If a trade union member is unemployed, he or she can be provided with the help and advice to find a job, also offered a qualification upgrading courses under the chosen program, or additional Danish language courses. A trade union member can also get qualified experts’ help to create quality CVs. The Unemployment Benefit (“A-kasse”) is also managed through the trade unions, but this type of benefit is paid only after the member has paid contributions to the fund for one full year. Another possibility to receive benefits from this fund is the completion of at least 2 years of study, graduating with a bachelor or master degree. In this case, it is not required to pay one year’s contribution.
Employers’ attitude towards trade unions
Employers’ attitudes depend very much on the company’s working conditions. It is no secret that a number of foreigners working in Denmark are employed by firms that prioritize cheap labor. Employers are looking for different ways of saving when trying to optimize their costs. Often, these savings are the result of paying salaries in cash, unpaid holiday and retirement money, no additional payments for overtime or night work, weekends or public holidays. This is the most common cause of conflict between employee and employer.
These rates and debts are easily calculated if you can document the time spent on payroll or personal notes that show the number of hours actually worked by the employee. If the employer is unable to deny the authenticity of the employees’ notes, it is sufficient for the trade union to demand reimbursement of the outstanding amount.

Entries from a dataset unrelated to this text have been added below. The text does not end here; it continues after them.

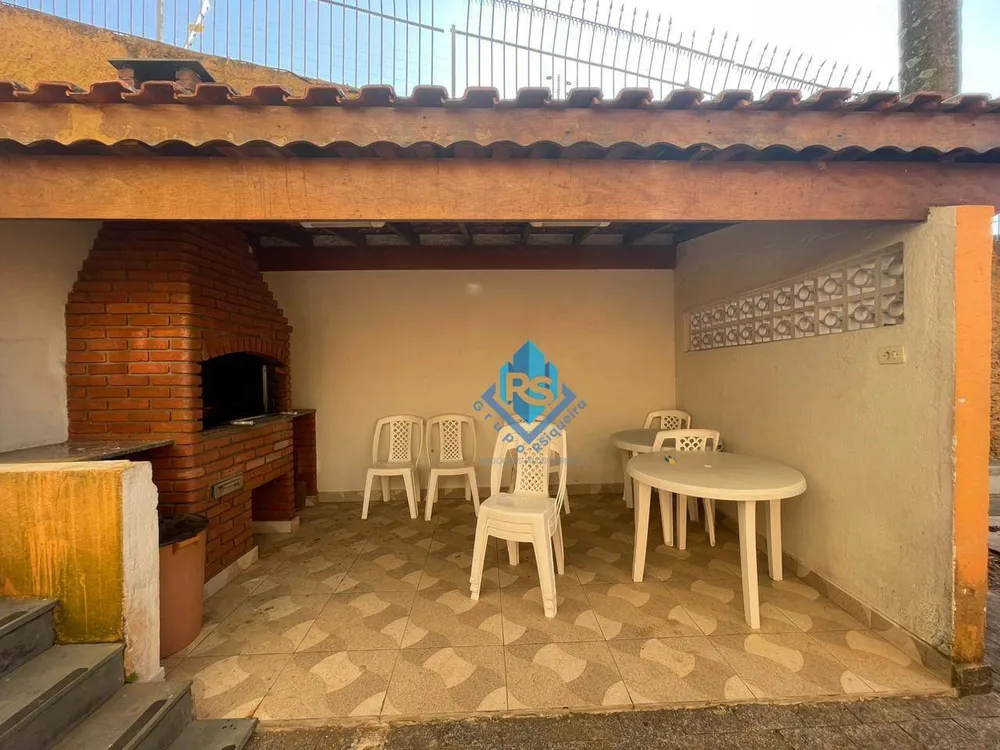 Apartamento, 2 quartos, 71 m² - Foto 11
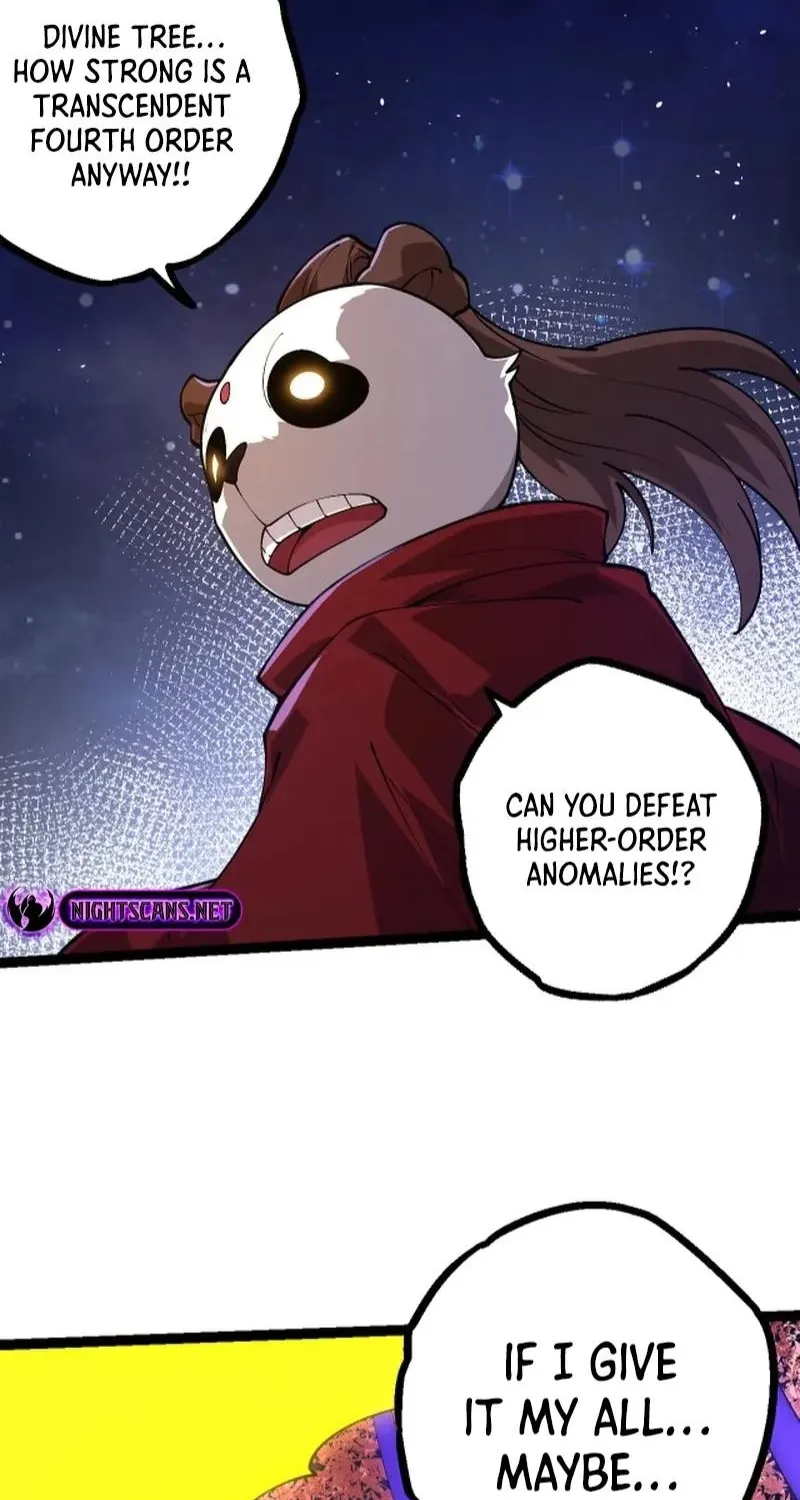 Chapter 121 — page 52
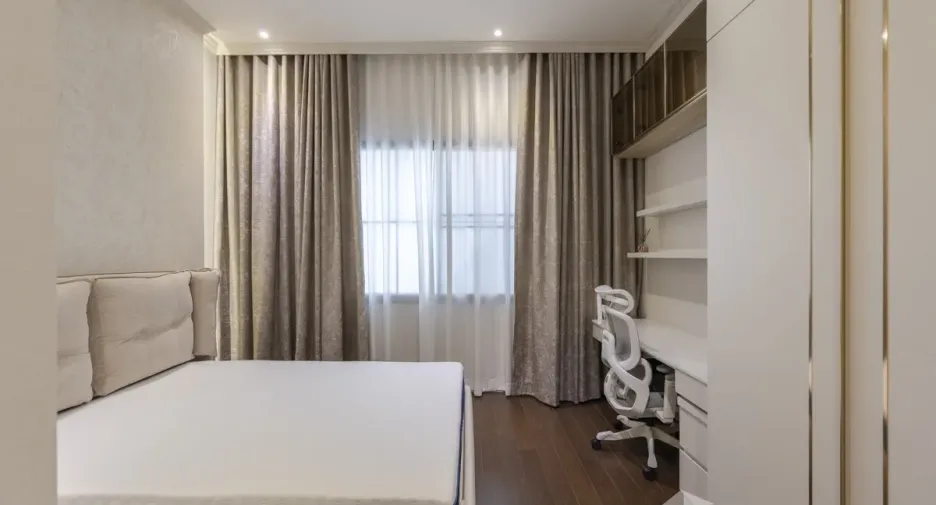 Haus zum Kauf mit 4 Zimmer in Bang Khen, Bangkok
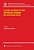 Fluid-Structure Interactions In Acoustics-.. - Imagem 1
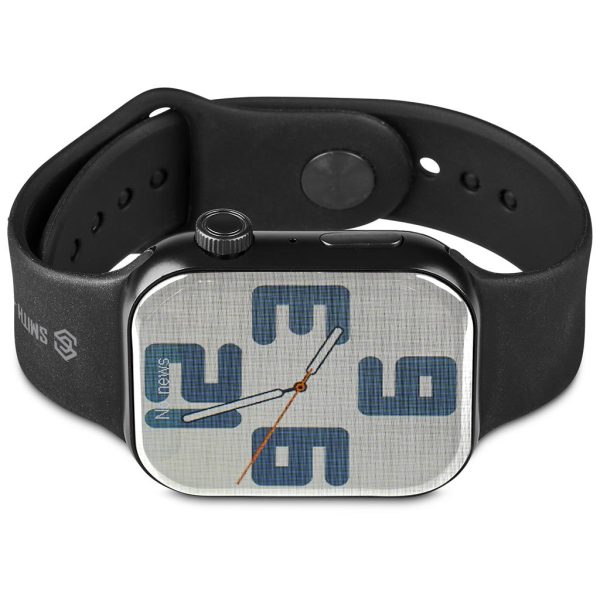 Altitude Wellgo Smart Watch - Image 7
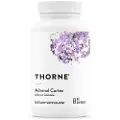 Thorne Research - Adrenal Cortex 60 kapsler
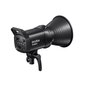 Valaisin Godox SL60IID LED Video Light hinta ja tiedot | Valokuvaustarvikkeet | hobbyhall.fi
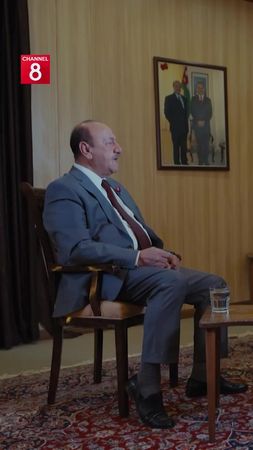 زەیدی عومەر ئاغای سوورچی باسی ئاشکراکردنی ئەو کەمینە دەکات کە بۆ باوک...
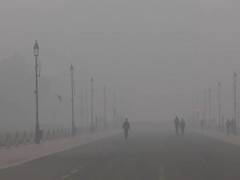 
      
      Jamia Millia Islamia to conduct online classes due to pollution
      
      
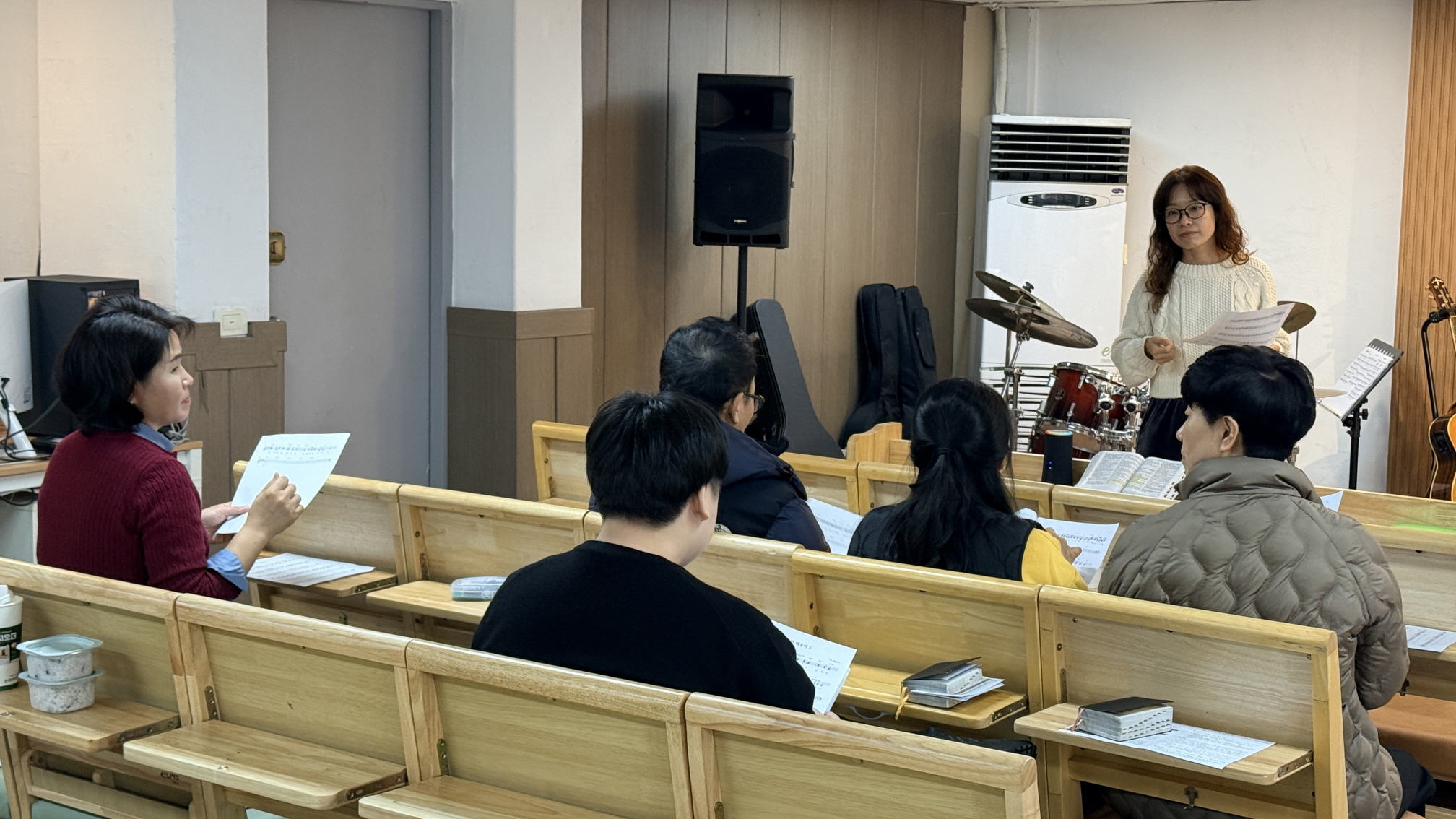 2025.12.07 주일 크리스마스연습25.jpg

Trade unions have their own team of lawyers that work exclusively with this type of cases and have accumulated extensive experience in this field. When a trade union member provides all the necessary documents to calculate the unpaid amount, the employer is usually asked directly to clarify the situation and to come to a meeting with a lawyer team. Employers usually delay responding or do not respond to such an appeal, resulting the conflict being settled through the courts.

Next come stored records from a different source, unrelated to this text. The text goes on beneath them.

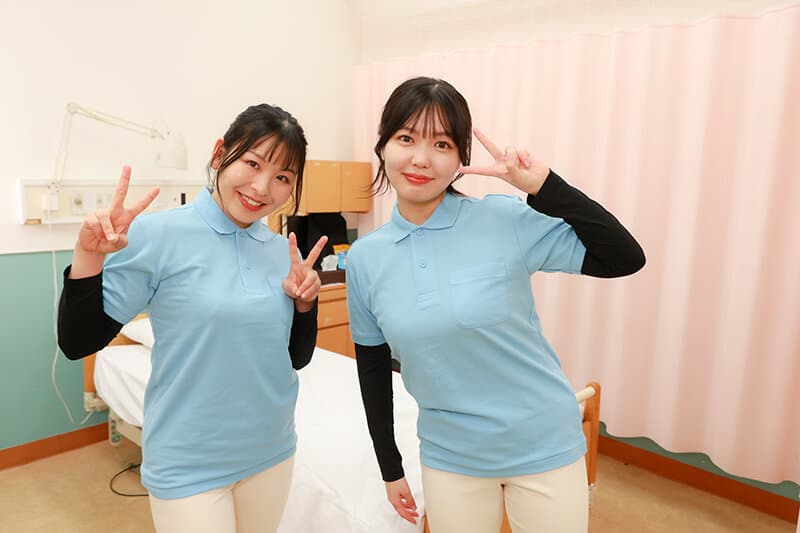 Sample 5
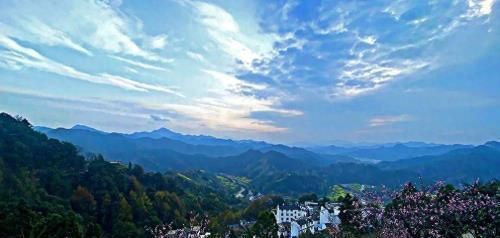 想去旅游什么地方可以推荐一下?国内经典目的地全攻略,帮你轻松规划完美旅程 想去旅游什么地方可以推荐一下?国内经典目的地全攻略,帮你轻松规划完美旅程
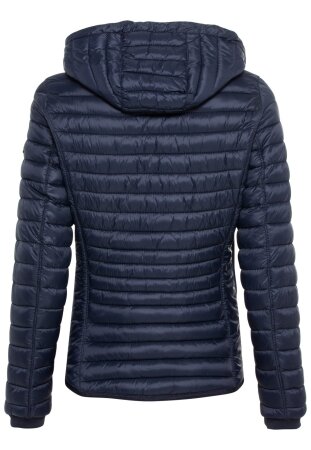 BLOUSON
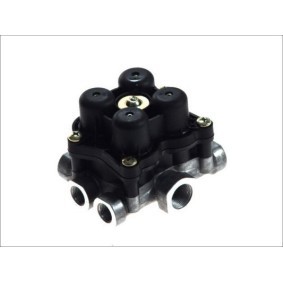 Køb Stempelringesæt, kompressor af PNEUMATICS PMC-06-0016 til den lave pris 131,96 DKK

If a firm is small, the usual employer tactics are bankruptcy announcement, asset and client transfer to another company that has a similar name and performs the same business. However, if the firm is larger and the cost of bankruptcy is high, employers often choose to pay the missing amount to the employee with the hope that the matter can be quickly “extinguished” and that other employees do not know about the compensation paid and will not take similar action.
It should be noted that every employee, when signing an employment contract, agrees with the terms and conditions, therefore it is necessary to take a very good look at the contract points and consult with the experts, otherwise, in the event of a conflict with the employer, the trade unions’ ability to protect their client may be limited.
In the case of company’s bankruptcy, Lønmodtagernes Garantifond (LG) has been created in Denmark. The function of this fund is to ensure that its employees still receive the money they earn after the company has declared bankruptcy. The compensation process takes place under certain rules and conditions, for example the amount of compensation may not exceed 160,000 kr. This fund also compensates for unpaid holidays in bankruptcy. LG works on a case-by-case basis, so it can take up to 35 days to get in touch with the fund. After the decision is made, the payments are executed within 3 – 5 days to the personal Nemkonto account or directly to the trade union if it is authorized to handle the employee’s matters.
How to choose the right union?
First of all, attention should be paid to the price for being a member and the size of the union. Denmark has niche trade unions that work with specific sectors, but it is better to choose one of the larger trade unions because they have a much larger network of customer service offices, more experience working with foreigners and their specific problems. The big trade unions are also competing with each other to offer the most attractive price/quality ratio. Additionally, different packages are available, where the most expensive ones are provided with free consultations with lawyers, free courses and trainings, the opportunity to get discounts on other products and services, etc. It is recommended to invest some time and look at the current offers. It is also worth noting that membership of the union and the A-kasse are subject to a tax credit (fradrag), which means that the tax-free minimum is automatically increased to the amount of all annual contributions (up to 6,000dkk per year). When filling out your annual tax return, please note that this amount is entered in field 429 or 458.